- [PROBLEM TO SOLVE]:
Below are records with pictures. Reproduce exactly the lines from the line with "Three young women" to the line with "A set of three", inclusive, and leave each picture out.

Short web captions
==================================================

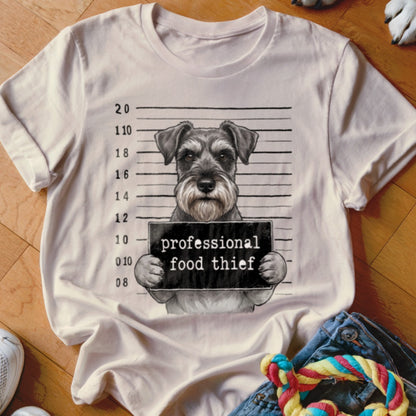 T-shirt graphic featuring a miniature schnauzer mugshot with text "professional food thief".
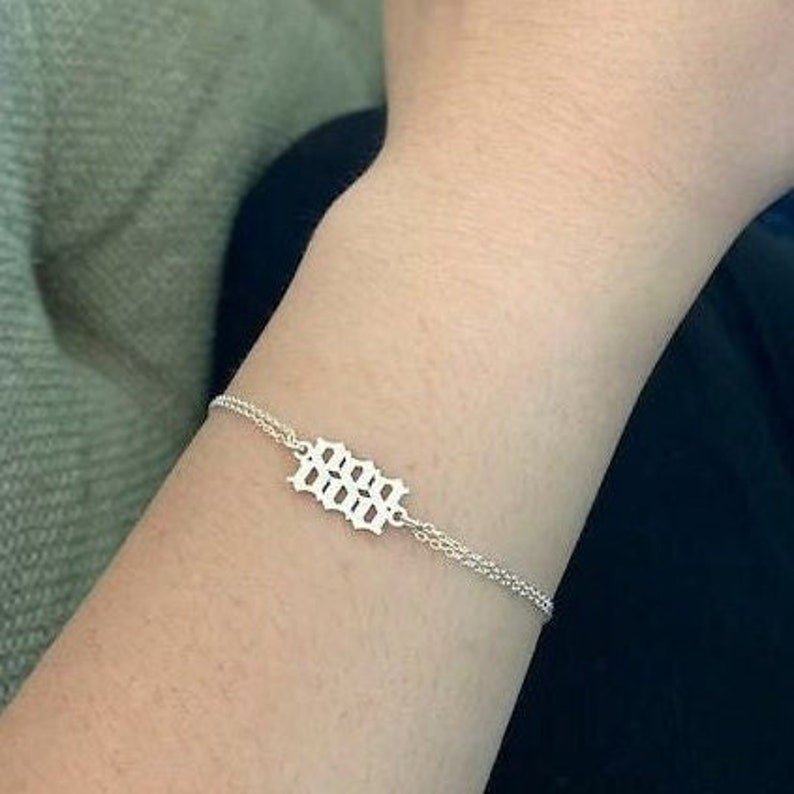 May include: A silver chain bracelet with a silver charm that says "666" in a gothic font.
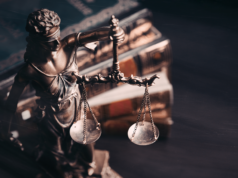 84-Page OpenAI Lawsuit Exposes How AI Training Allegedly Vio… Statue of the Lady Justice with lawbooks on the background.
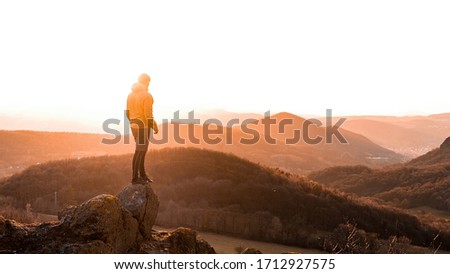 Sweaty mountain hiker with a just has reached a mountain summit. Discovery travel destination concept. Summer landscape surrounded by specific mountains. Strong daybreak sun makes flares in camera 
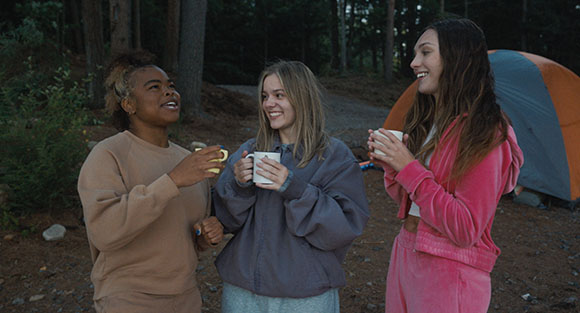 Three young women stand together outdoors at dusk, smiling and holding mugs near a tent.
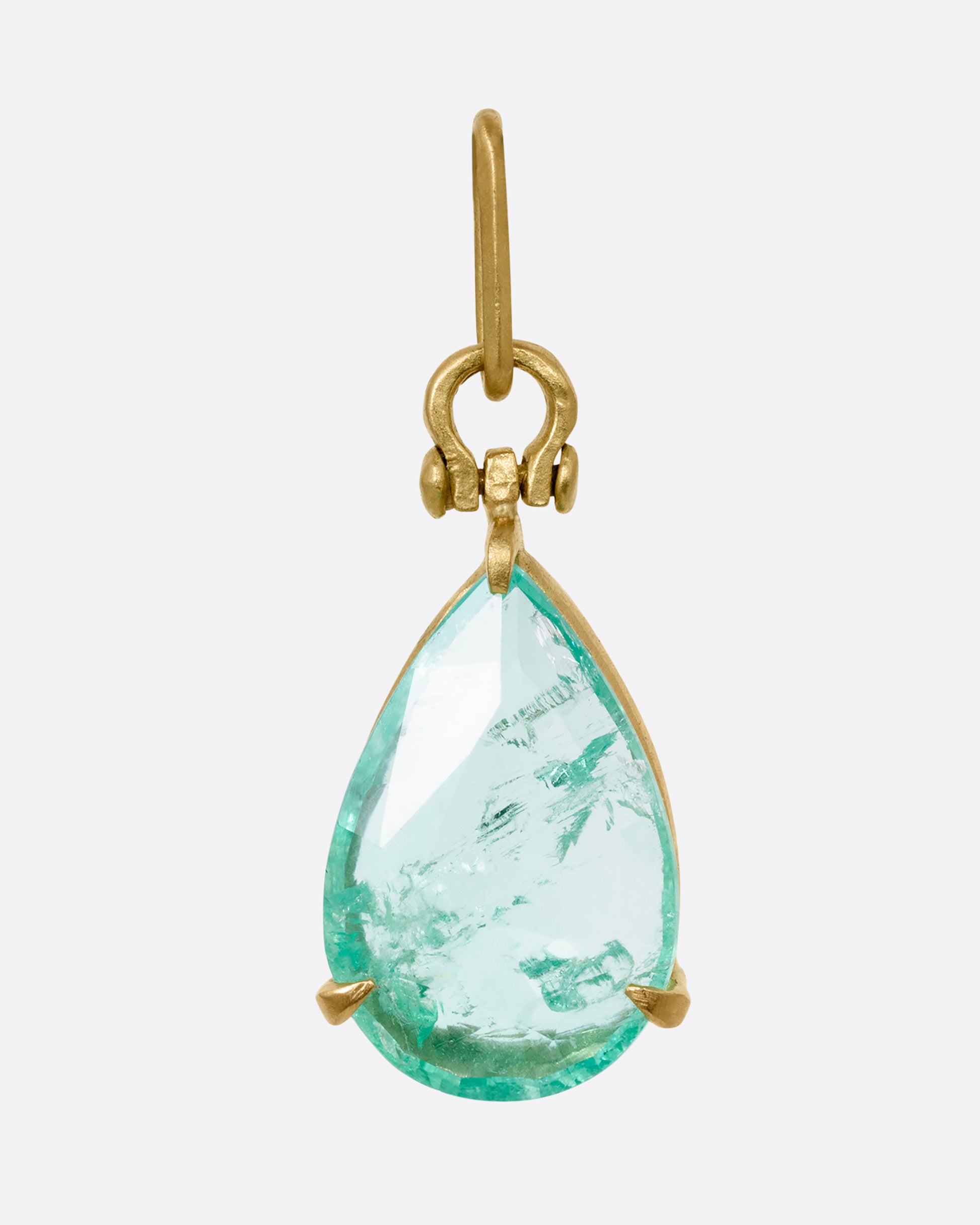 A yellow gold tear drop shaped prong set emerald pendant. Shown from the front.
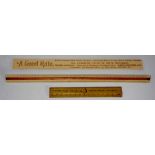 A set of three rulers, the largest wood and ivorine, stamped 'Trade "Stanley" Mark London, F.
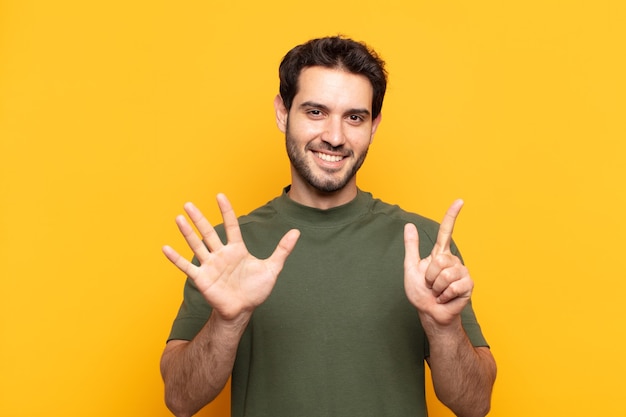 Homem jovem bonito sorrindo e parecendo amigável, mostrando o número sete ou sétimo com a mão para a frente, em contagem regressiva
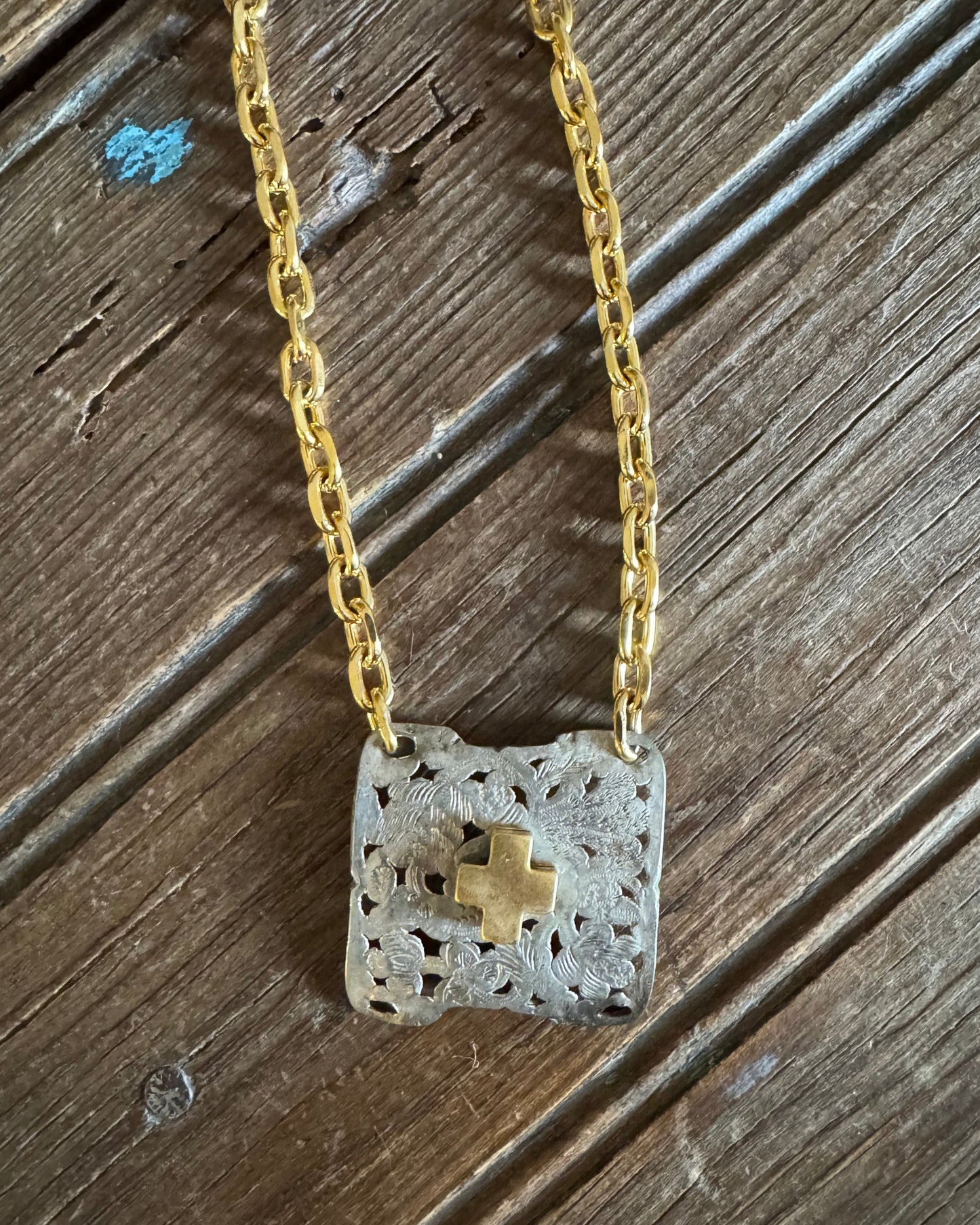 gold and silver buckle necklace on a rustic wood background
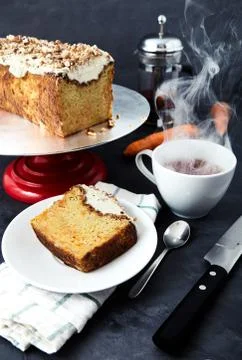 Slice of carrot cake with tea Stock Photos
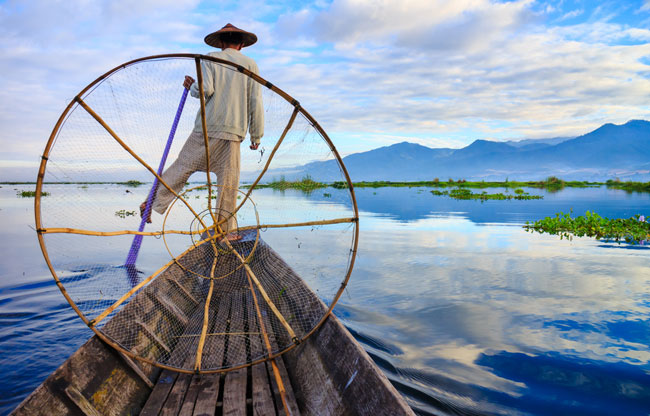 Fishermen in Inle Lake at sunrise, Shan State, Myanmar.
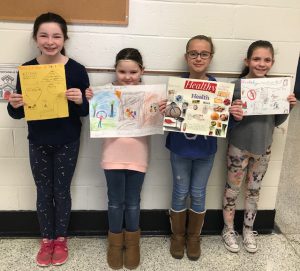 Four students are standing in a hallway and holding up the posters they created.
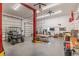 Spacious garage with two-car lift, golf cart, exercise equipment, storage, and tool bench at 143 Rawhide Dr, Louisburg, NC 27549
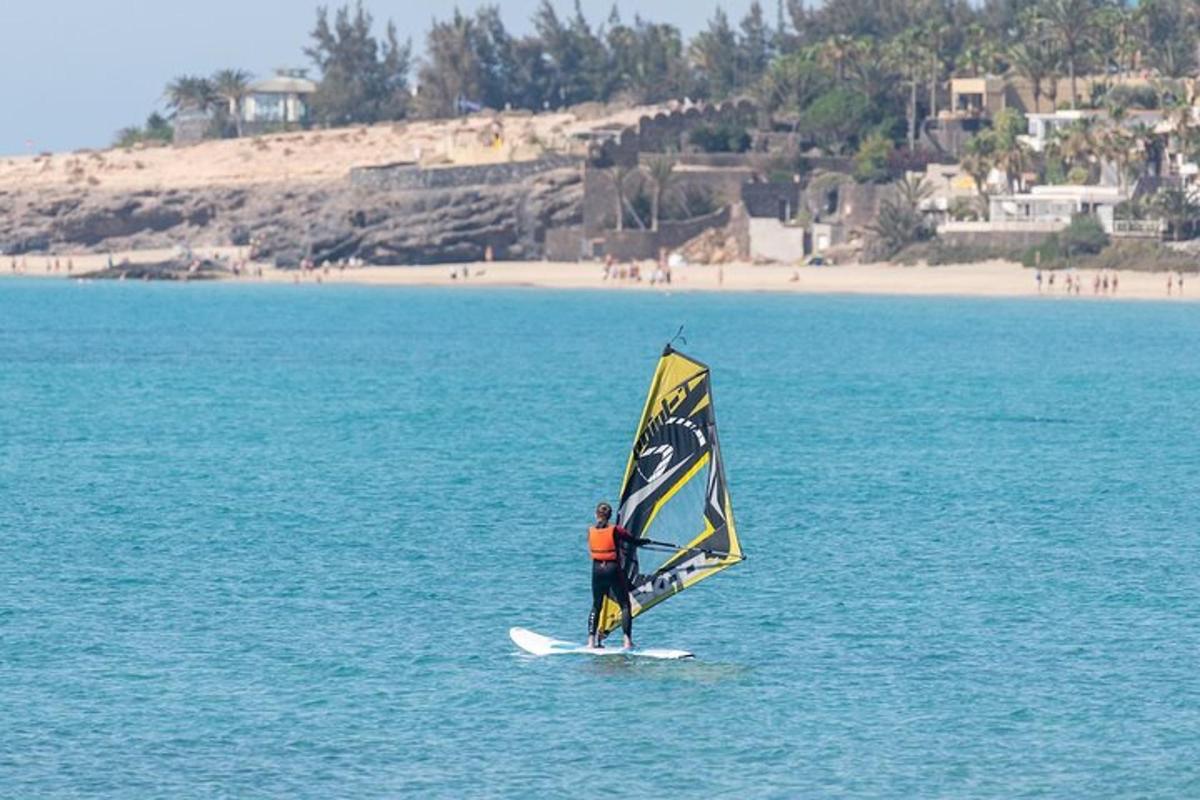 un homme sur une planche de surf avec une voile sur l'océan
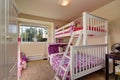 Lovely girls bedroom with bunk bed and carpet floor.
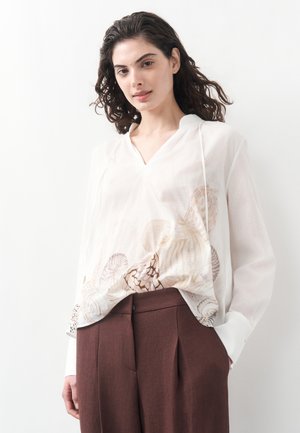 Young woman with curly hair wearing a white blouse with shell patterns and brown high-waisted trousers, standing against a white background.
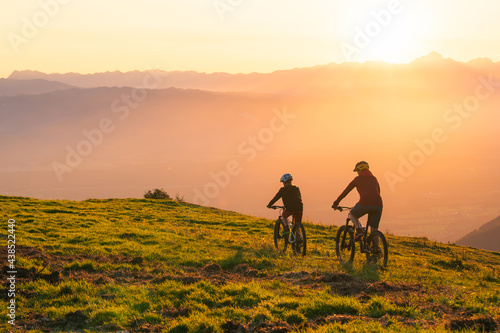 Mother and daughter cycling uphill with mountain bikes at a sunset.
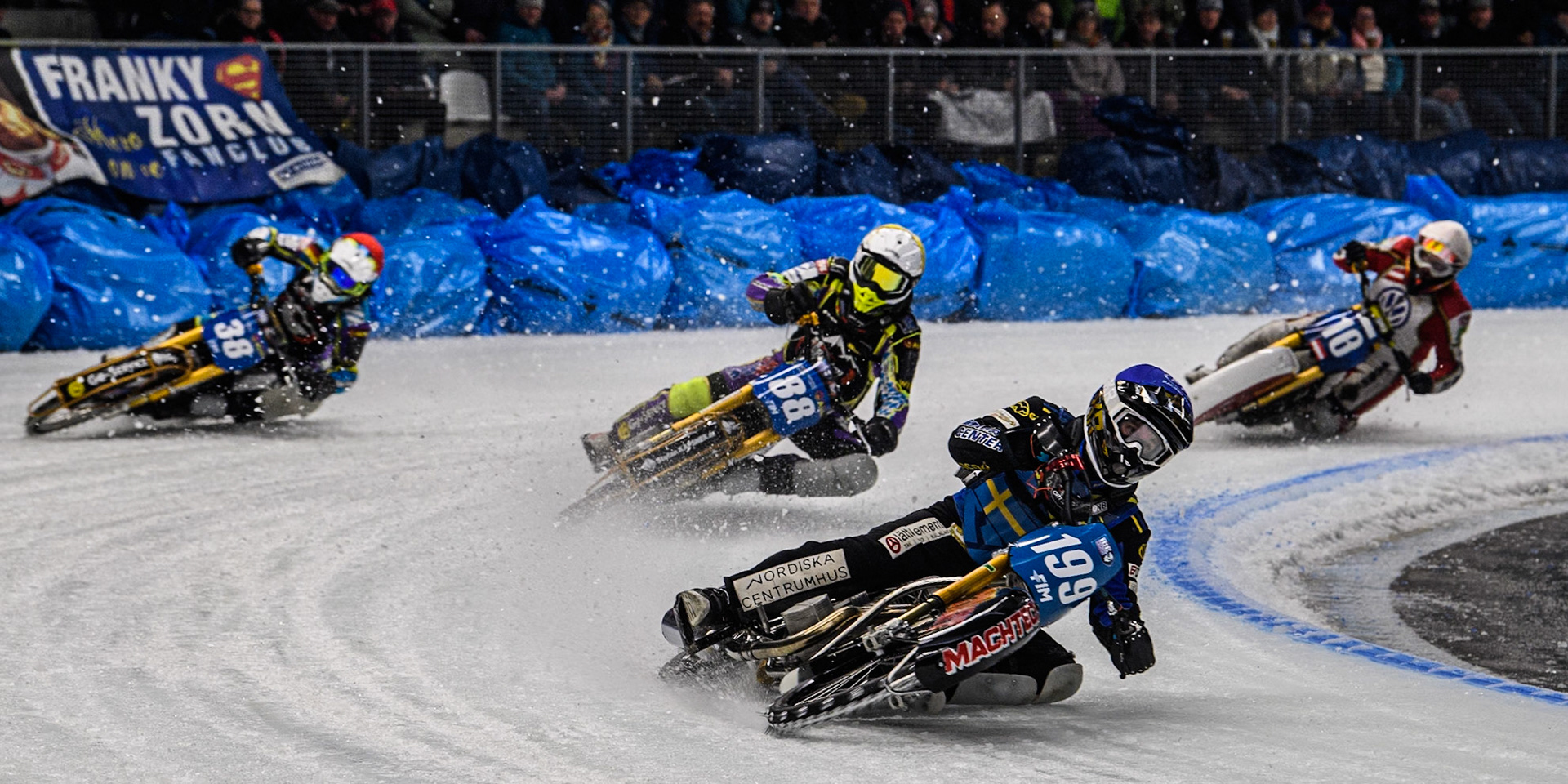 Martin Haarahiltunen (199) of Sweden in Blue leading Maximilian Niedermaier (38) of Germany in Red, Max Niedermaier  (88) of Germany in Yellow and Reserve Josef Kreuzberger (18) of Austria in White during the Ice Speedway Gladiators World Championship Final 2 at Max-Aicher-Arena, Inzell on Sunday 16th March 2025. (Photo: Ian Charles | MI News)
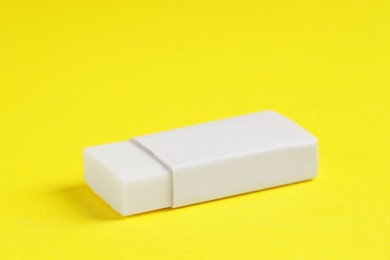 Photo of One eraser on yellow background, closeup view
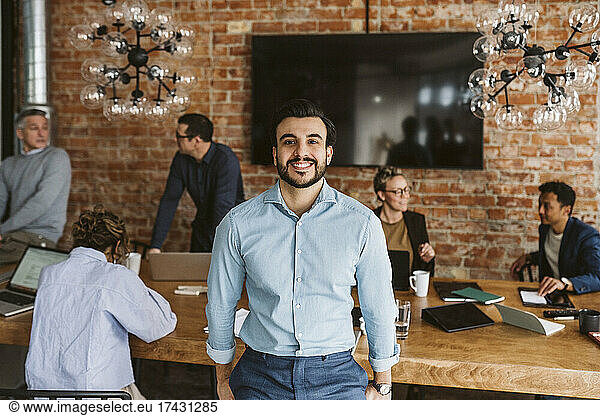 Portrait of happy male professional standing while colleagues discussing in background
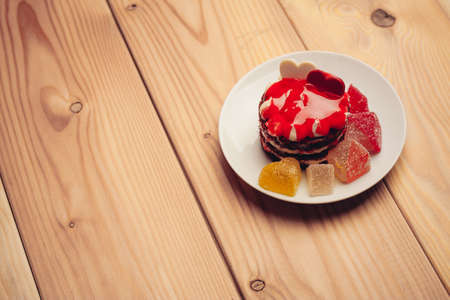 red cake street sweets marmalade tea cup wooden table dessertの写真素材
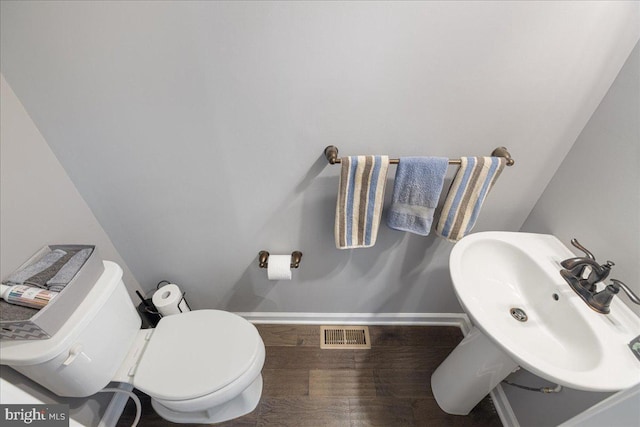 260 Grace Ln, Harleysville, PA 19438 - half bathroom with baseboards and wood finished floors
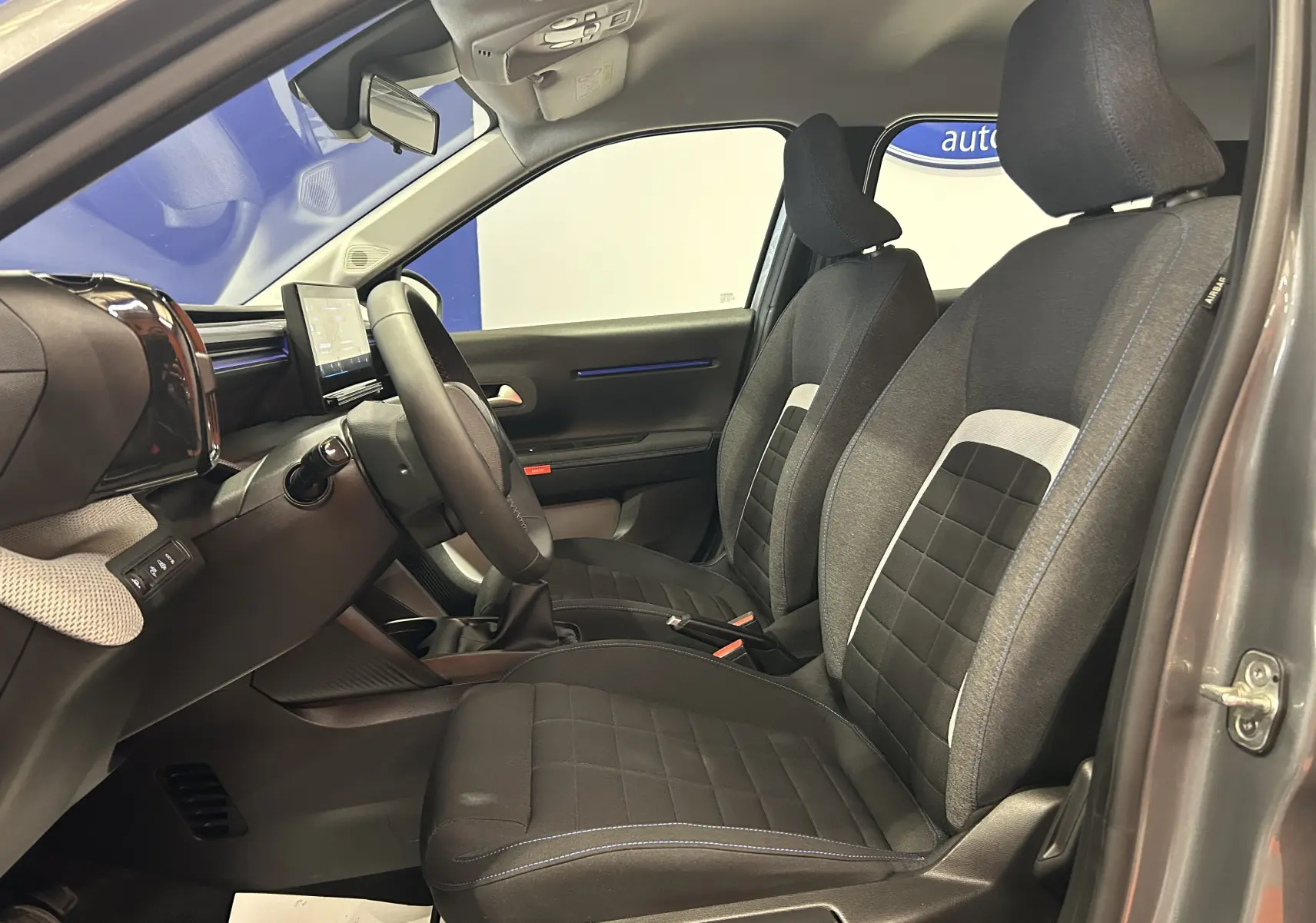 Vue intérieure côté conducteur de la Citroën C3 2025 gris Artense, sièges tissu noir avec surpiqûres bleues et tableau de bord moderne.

==================================================

- [RESPONSE]:
 Three young women stand together outdoors at dusk, smiling and holding mugs near a tent.
 A yellow gold tear drop shaped prong set emerald pendant. Shown from the front.
 A set of three rulers, the largest wood and ivorine, stamped 'Trade "Stanley" Mark London, F.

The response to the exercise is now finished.